← Beranda
Pesan Prabowo untuk Perusahaan yang Menyerah di Tengah Krisis Global, Negara Ambil Alih
Dimas ChoirulSabtu, 2 Mei 2026 | 22.09 WIB
Presiden Prabowo Subianto didampingi sejumlah pimpinan organisasi-organisasi buruh menyapa para buru dalam May Day 2026 di kawasan Monumen Nasional (Monas), Jakarta, Jumat (1/5/2026). (Dery Ridwansah/ JawaPos.com)

 

JawaPos.com - Pemerintah memberi sinyal tegas di tengah tekanan ekonomi global. Perusahaan yang tidak mampu bertahan tidak akan dibiarkan jatuh begitu saja. Negara siap turun tangan demi melindungi buruh.

"Kalau ada pengusaha yang menyerah, jangan khawatir, negara kita kuat. Negara akan mengambil alih dan membela rakyat Indonesia," ucap Presiden Prabowo Subianto saat berpidato di depan ribuan buruh di Lapangan Monumen Nasional (Monas), Jakarta, Jumat (1/5).

Dalam kondisi global, Prabowo menyinggung banyak negara yang sedang menghadapi krisis. Namun demikian, Indonesia masih berada dalam posisi yang relatif aman.

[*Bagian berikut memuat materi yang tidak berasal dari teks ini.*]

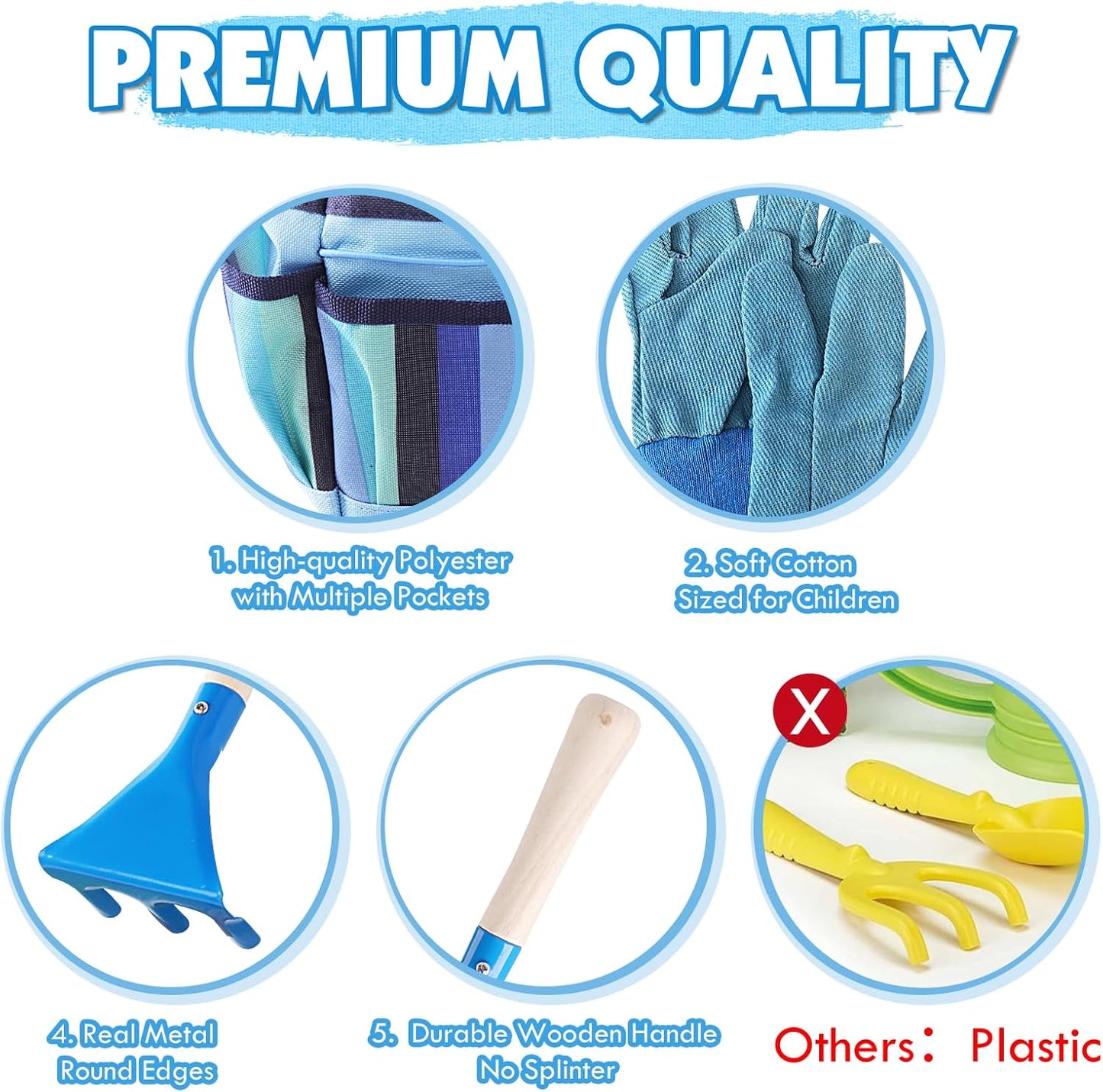 Kids Gardening Tools Set, Toddler Play Kit Child Outdoor Toy with Gloves, Watering Can, Metal Shovel, Rake, Spade & Storage Bag, Backyard Sand Digging Birthday for Boys Girls 3-5 (Blue)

Baca Juga: Presiden Prabowo Siap Pasang Badan Bela Pekerja yang Terancam Di-PHK: Jangan Khawatir!

"Saudara-saudara, perhatikan, seluruh dunia dalam keadaan krisis. Banyak negara sudah panik, kita masih aman. Kita swasembada pangan, pangan kita aman," ungkapnya.

Prabowo optimistis Indonesia akan segera mencapai kemandirian energi dalam waktu dekat. "BBM kita masih aman. Dalam beberapa tahun ke depan, kita akan swasembada BBM dan energi," lanjutnya.

Sebagaimana diketahui, pemerintah telah menyiapkan langkah konkret melalui pembentukan Satuan Tugas (Satgas) Mitigasi Pemutusan Hubungan Kerja (PHK) dan Kesejahteraan Buruh. Kebijakan ini merupakan respon negara dalam menghadapi potensi gelombang PHK akibat ketidakpastian global.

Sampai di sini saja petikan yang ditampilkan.